[DIRECTIONS FOR THIS TASK] Once you reach the line with "Let's look at" below, copy each line exactly, stopping after the line with "Be sure to check", and skip any pictures.

Start of Block

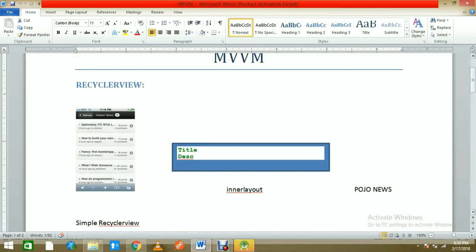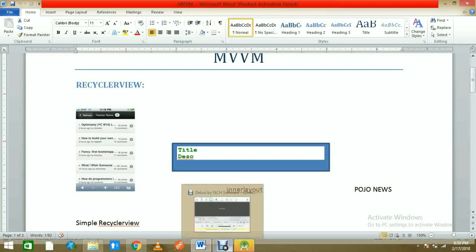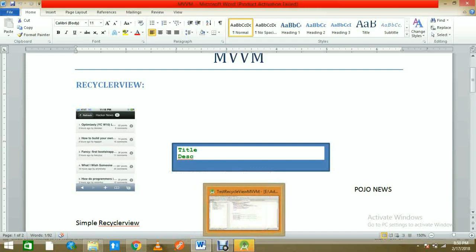I want to show you both approaches one by one. The first 15 minutes I will show a simple RecyclerView. Those who already know RecyclerView can skip to the MVVM approach, but those who want the basics from scratch I will describe it both ways. Now we continue on Android Studio to be practical.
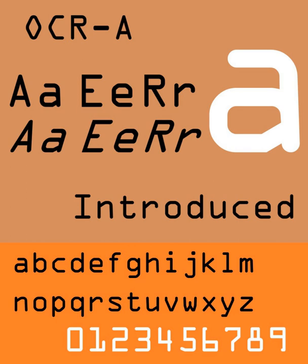As metal type gave way to computer-based typesetting, Tor Lilquist used Metafont to describe the OCRA font. That definition was subsequently improved by Richard B. Wales. Their work is available from CTAN. To make the free version of the font more accessible to users of Microsoft Windows, John Sautayer converted the Metafont definitions to TrueType using PoTrace and FontForge in 2004.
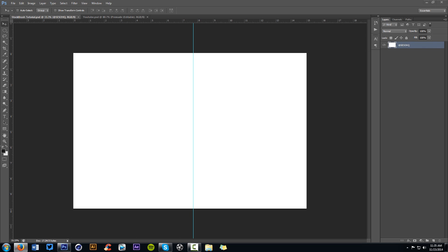Yo, what is going on guys? It's your boy Sissy here, bringing you another Photoshop tutorial. Today we're going to be doing how to make your own abstract brushes — or abstract stocks — with the pen tool, some filters, and such. You guys have been killing it with the stock brush pack.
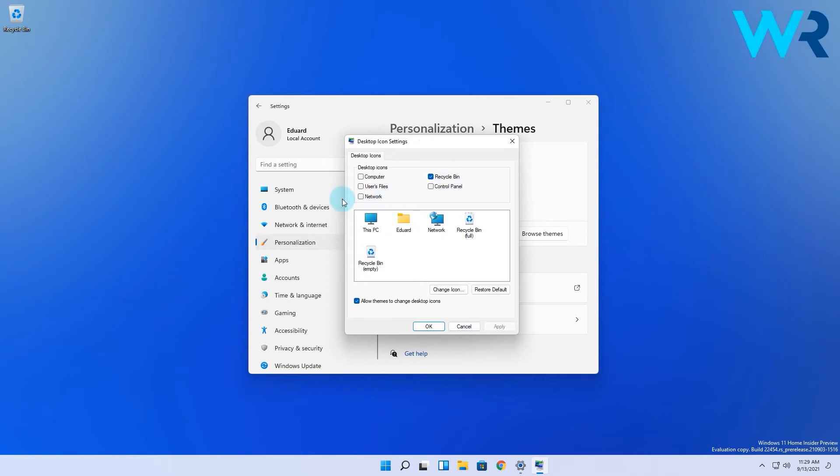As you can see by default only the recycle bin is checked to show up on the desktop. If you want, just check all the other icons or simply go and check only the ones that you wish to keep on the desktop.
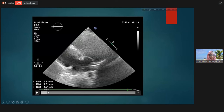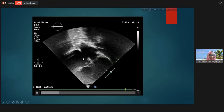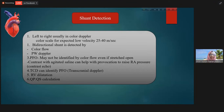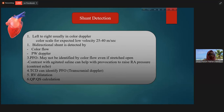Here is a patient from our cath lab where we are measuring the rims. This is the shunt direction, and these are the rims: the AV rim, the anterior inferior rim, and the superior rim. For shunt detection, we use color Doppler with a color scale of 25 to 40 cm/s, which is appropriate for these low-velocity jets. Bidirectional shunt can be detected by color flow and PW Doppler. We can also calculate QP, QS, and pulmonary vascular resistance from the machine software.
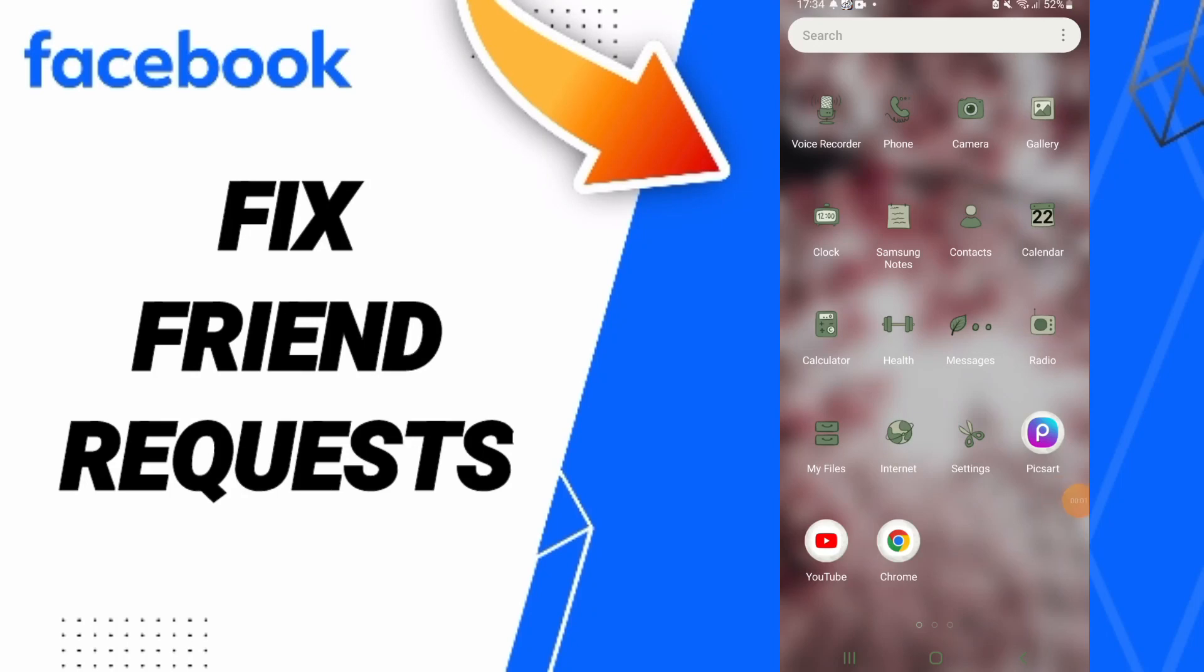Hi everyone, today I will talk about how to fix or solve friend requests on the Facebook app.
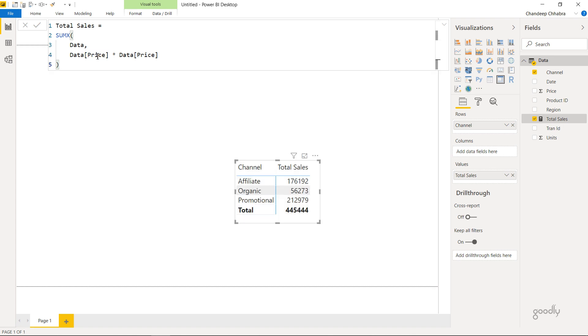Now this is how you do SUMX. Remember, SUMX has two parts: the name of the table and the expression. And the expression happens for every single row of the table that you mentioned.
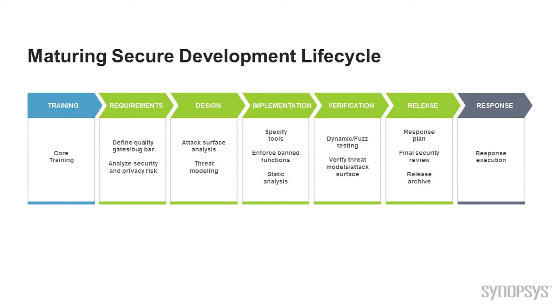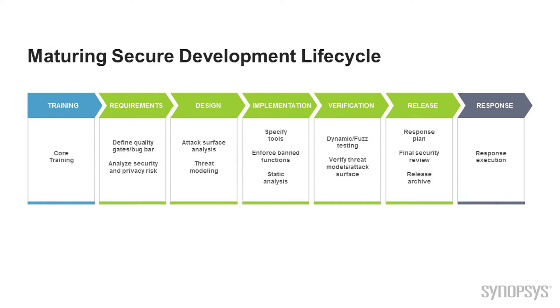Let's look at the traditional picture of the SDL that you might have seen. If you look from left to right, you'll see things like training, requirements, design, implementation, verification, release, and response. All of those are important.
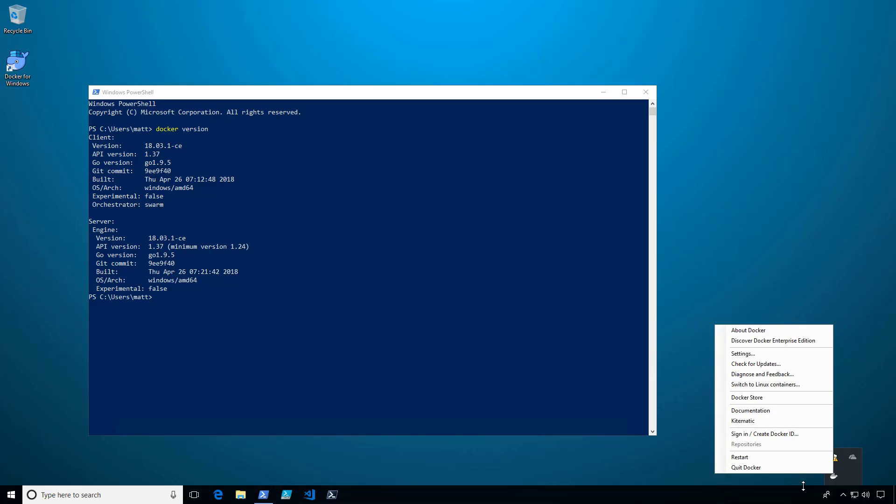Be sure to check out my other Docker videos such as how to download Docker images from Docker Hub to get started.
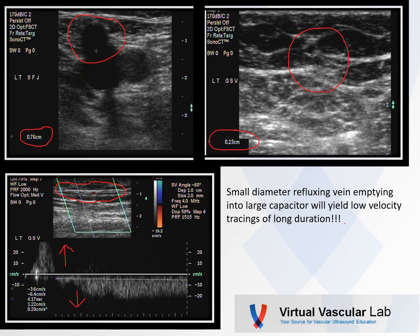What about a small diameter vein emptying into really large varicosities? Here's an example: at the SFJ on the left her vein was 7.6 millimeters — not terribly small but not terribly large. However, as I moved into her thigh her vein became very small, only 2.3 millimeters. Much to my surprise, when I assessed her for reflux — obviously in the standing position because of hydrostatic pressure — she had a tremendous amount of reflux: a very low velocity tracing around 20, but a very long duration. The next clip will be a video of that tracing.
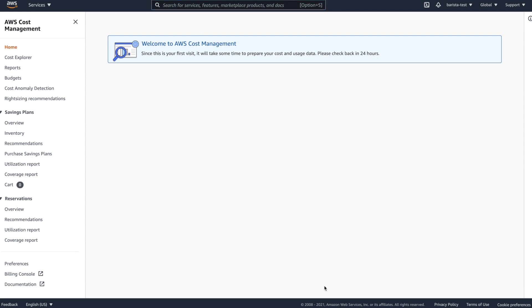Like the Cost Explorer, some other services may take some time to initialize with new accounts. Even so, Cost Explorer is the only one that takes 24 hours. Others, you may only have to wait about an hour after creating the account. This usually isn't an issue, but keep in mind if you have issues when you first start using Barista.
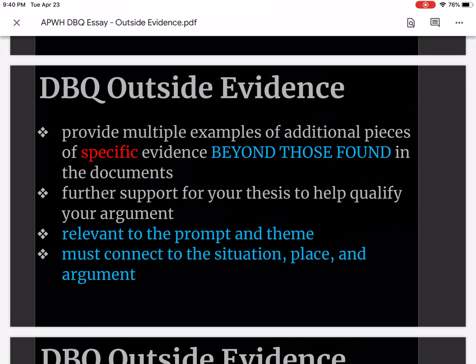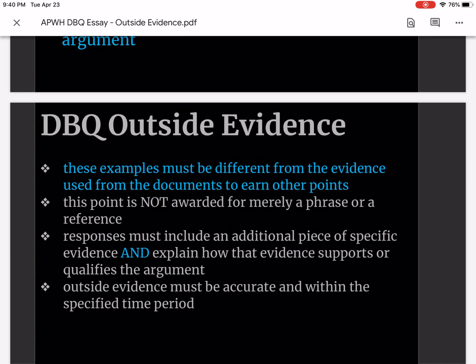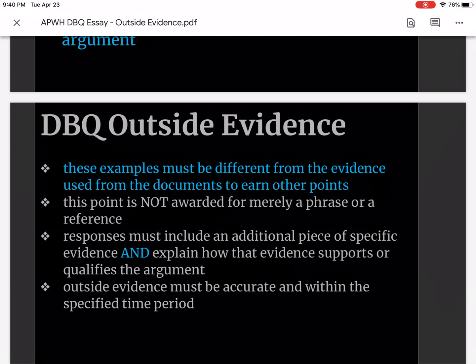It's a good idea to think of the outside evidence as the element that's missing in your documents that could better support your thesis. Each of your three body paragraphs should have supporting outside evidence. These examples must be different from the evidence used from the documents — that's why it's called outside evidence. This point is not awarded for merely a phrase or a reference; responses must include an additional piece of specific evidence and explain how that evidence supports or qualifies the argument.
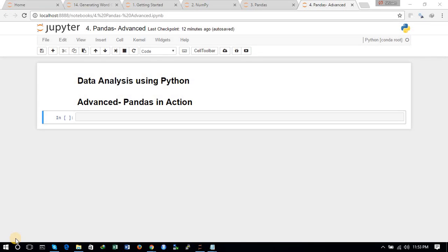Hello friends, this is Shivam and you are watching the fourth tutorial of the series of data analysis using Python. In this tutorial we will see the advanced actions of pandas.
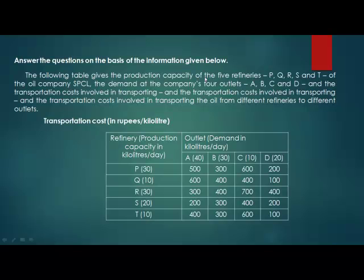The following table gives the production capacity of the five refineries P, Q, R, S, and T of the oil company SPCL. The demand at the company's four outlets A, B, C, and D, and the transportation costs involved in transporting oil from different refineries to different outlets. Here are the refineries P, Q, R, S, T with their production capacity in kilolitres per day in brackets, and here are the outlets A, B, C, D with their demand in kilolitres per day. These values are the transportation cost to these outlets from these refineries in rupees per kilolitre. Please have a look at this table because we will be needing it in the questions.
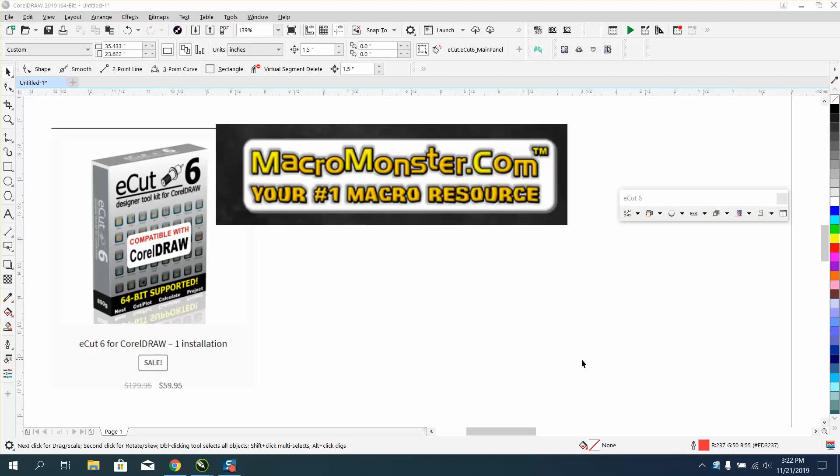Hi, it's me again with CorelDraw Tips and Tricks. This is another macro that might be the most helpful one yet.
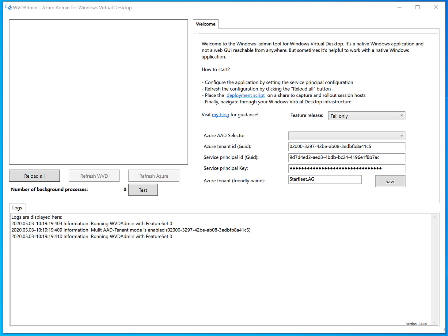Hi friends, today I present the new version of WVD-Admin to give you more functionality for the spring update. If you install version 1.54, you can additionally move resources from the fall update to the spring update.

End of Block

[SOLVED PROBLEM]
Let's look at the traditional picture of the SDL that you might have seen. If you look from left to right, you'll see things like training, requirements, design, implementation, verification, release, and response. All of those are important.
Be sure to check out my other Docker videos such as how to download Docker images from Docker Hub to get started.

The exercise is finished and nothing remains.